Uma forma “alternativa” de adaptação

Em resposta às perturbações climáticas, as nações de todo o mundo estão a competir para tornar a água mais acessível à sua agricultura. Das barragens para mega-bacias para perímetros irrigados, a política predominante em todos os níveis é expandir as superfícies irrigadas por todos os meios necessários.

Mas embora esta opção satisfaça uma certa necessidade a curto prazo, acarreta um sério risco de má adaptação. Na verdade, o compromisso oculto destes projectos hídricos agrícolas em grande escala está a esgotar os recursos hídricos, a injustiça social e a tensões geopolíticas. O futuro modelo agrícola que está actualmente a tomar forma parece bastante instável e vulnerável, uma vez que terá de depender da utilização de grandes quantidades de combustíveis fósseis para captar e transportar água.

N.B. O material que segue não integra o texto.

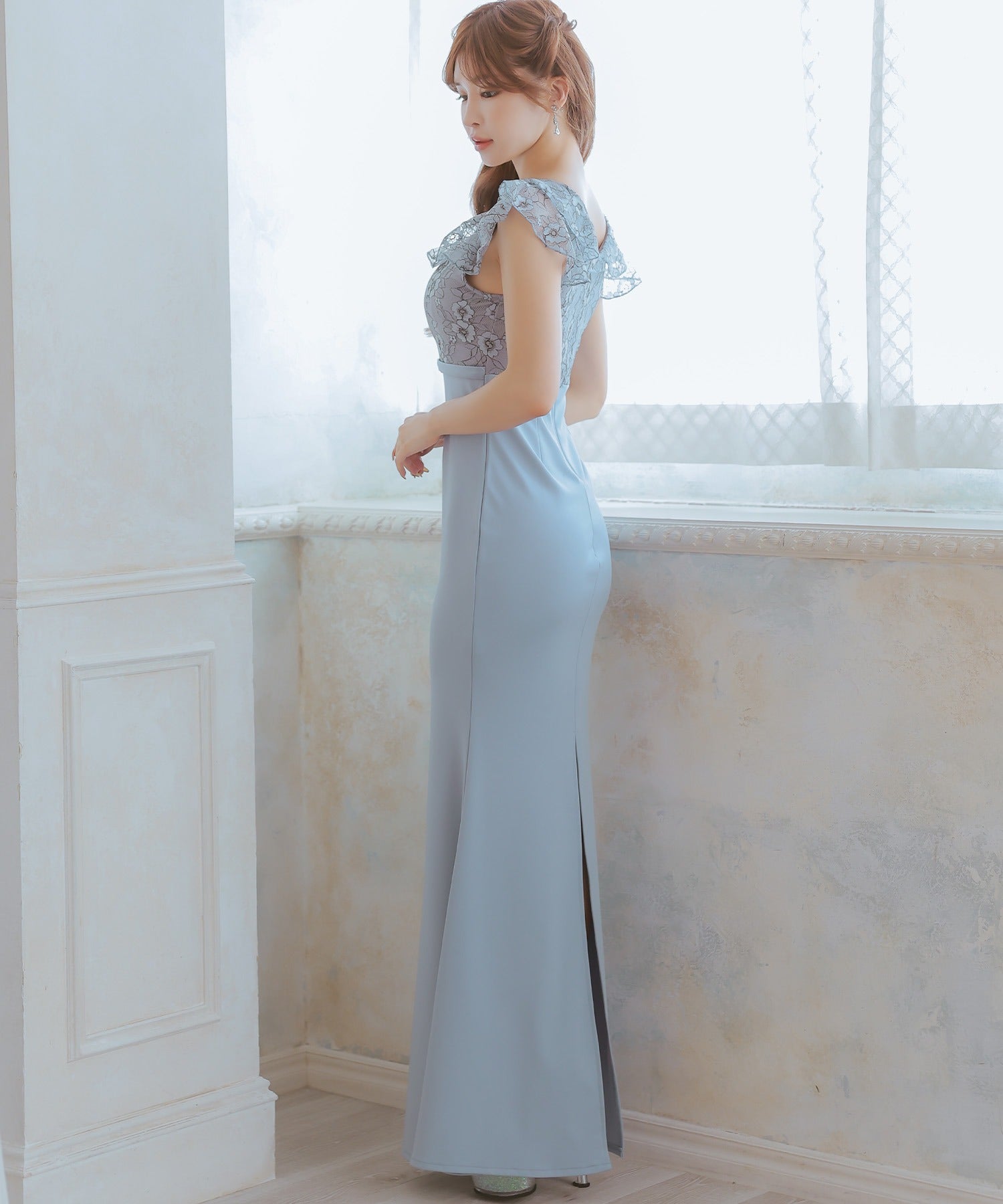 ティカ Tika バックスリットあり フラワーレース フリル袖 バストジップ ストレッチ タイトロングドレス (Sサイズ～XXLサイズ) （ダスティブルー） ダスティブルー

Contra este regime dominante de inovação constante, os agricultores do Sahel escolheram o caminho da contenção. E a técnica mais mediatizada do zaï é apenas a ponta do iceberg. Existem muitos outros técnicas consagradas pelo tempo - meias-luas, barreiras de pedra, anéis de cobertura vegetal, tanques agrícolas, cultivos multicamadas e muito mais – que merecem igualmente a nossa atenção. Todos são métodos inteligentes de adaptação ao calor extremo e à escassez de água, as mesmas condições que atingirão os países mediterrânicos até 2100 se a temperatura global aumentar 4°C acima dos níveis pré-industriais.


Este artigo faz parte de um projeto entre The Conversation France e AFP Audio, apoiado financeiramente pelo Centro Europeu de Jornalismo, como parte da iniciativa “Solutions Journalism Accelerator” da Fundação Bill e Melinda Gates. AFP e The Conversation France mantiveram a sua independência editorial em todas as fases do projeto.

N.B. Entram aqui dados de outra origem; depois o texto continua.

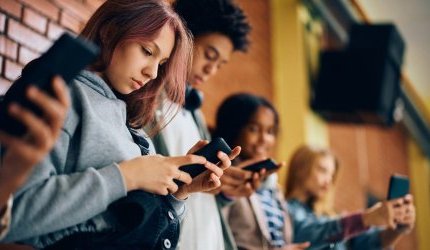 French lawmakers ban social media for under-15s in EU first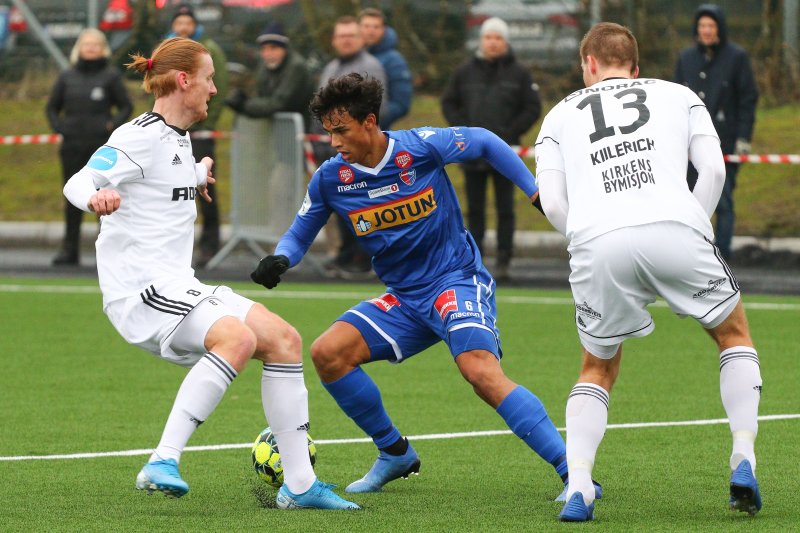 Ikgsan Fandi på prøvespill fra Raufoss. (Foto: Torstein Flåm)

Rafael Belmin, Investigadora em agronomia, fotógrafa, alojada no Instituto Senegalês de Investigação Agrícola (ISRA, Dakar), CIRAD; Hamado Sawadogo, Chercheur en agronomia , Instituto de Meio Ambiente e Pesquisa Agrícola (INERA) et Moussa N'Dienor, Chercheur en agronomia , Instituto Senegalês de Investigação Agrícola (ISRA)

Este artigo foi republicado a partir de A Conversação sob uma licença Creative Commons. Leia o artigo original.